WORK ORDER -
Set down only these lines, exactly: the line containing "ZINGARA Deck Plan" and all lines through the end of the data below. Omit pictures.

Top of WORKING DATA

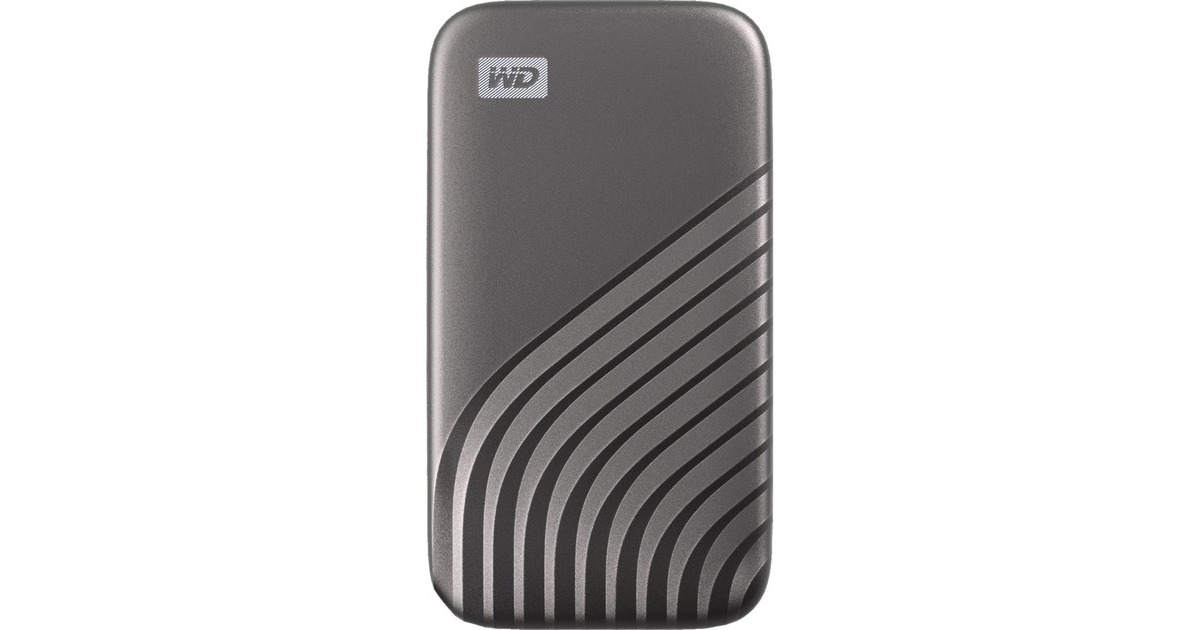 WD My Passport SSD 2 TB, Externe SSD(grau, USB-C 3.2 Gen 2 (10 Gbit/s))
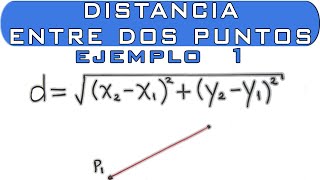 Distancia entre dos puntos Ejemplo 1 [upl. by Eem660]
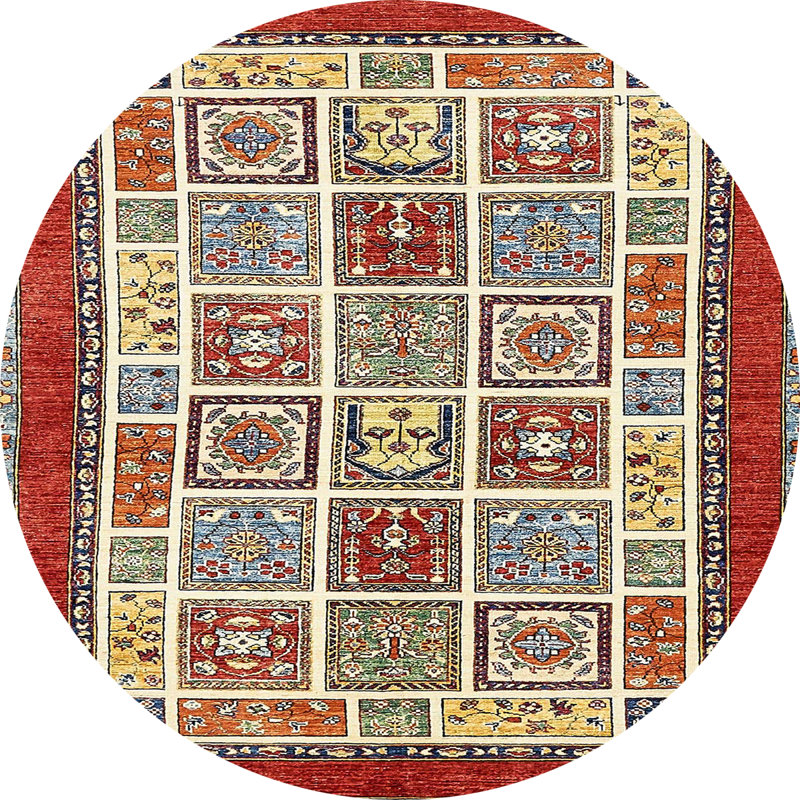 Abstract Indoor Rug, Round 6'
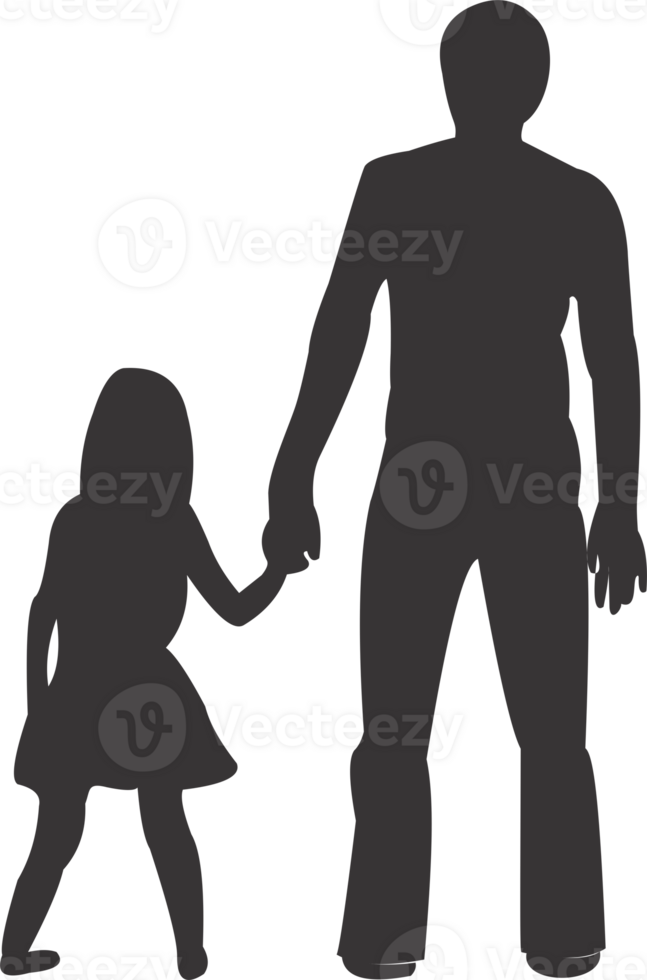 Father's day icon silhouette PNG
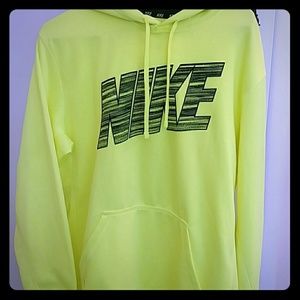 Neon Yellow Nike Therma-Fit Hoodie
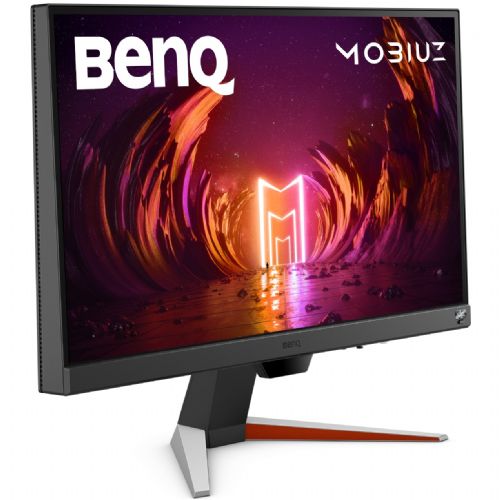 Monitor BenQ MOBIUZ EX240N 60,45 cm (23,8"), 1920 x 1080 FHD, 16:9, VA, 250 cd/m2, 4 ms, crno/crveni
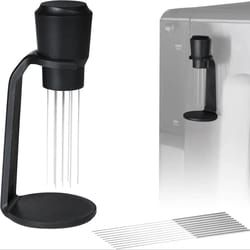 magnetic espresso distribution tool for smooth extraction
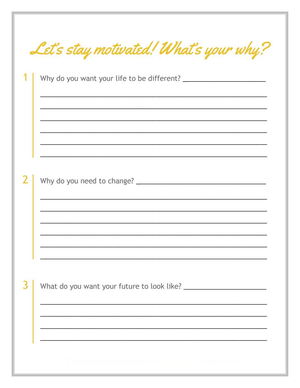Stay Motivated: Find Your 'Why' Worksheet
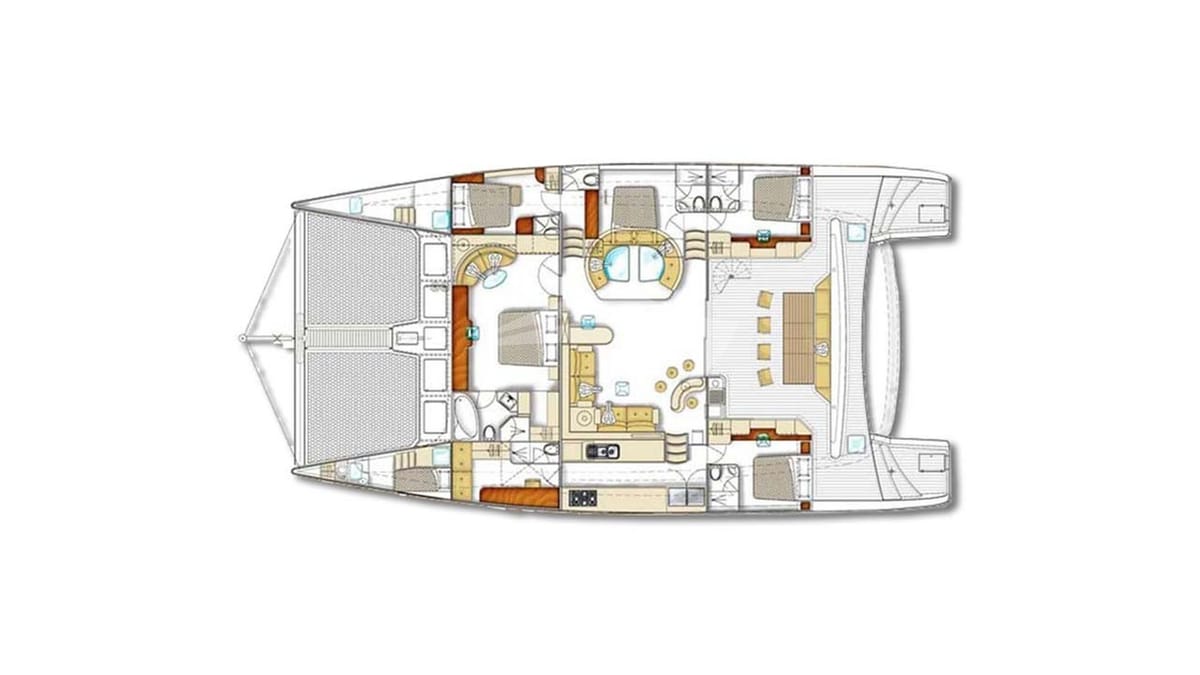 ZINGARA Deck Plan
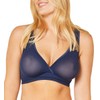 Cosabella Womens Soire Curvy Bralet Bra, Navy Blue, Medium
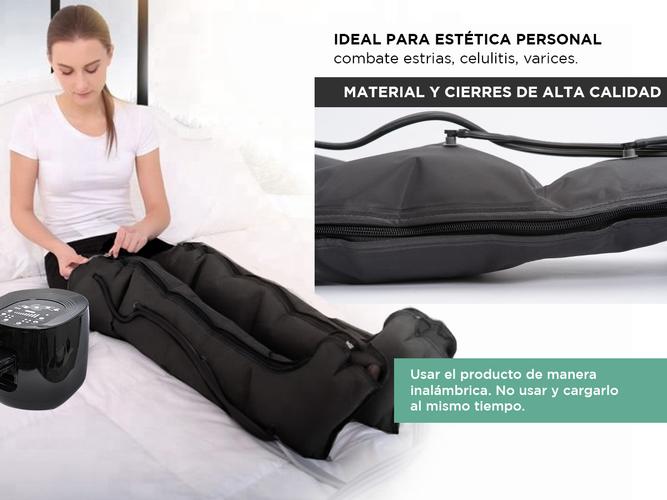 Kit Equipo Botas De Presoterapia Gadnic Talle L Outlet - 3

Bottom of WORKING DATA

YOUR SOLUTION -
 ZINGARA Deck Plan
 Cosabella Womens Soire Curvy Bralet Bra, Navy Blue, Medium
 Kit Equipo Botas De Presoterapia Gadnic Talle L Outlet - 3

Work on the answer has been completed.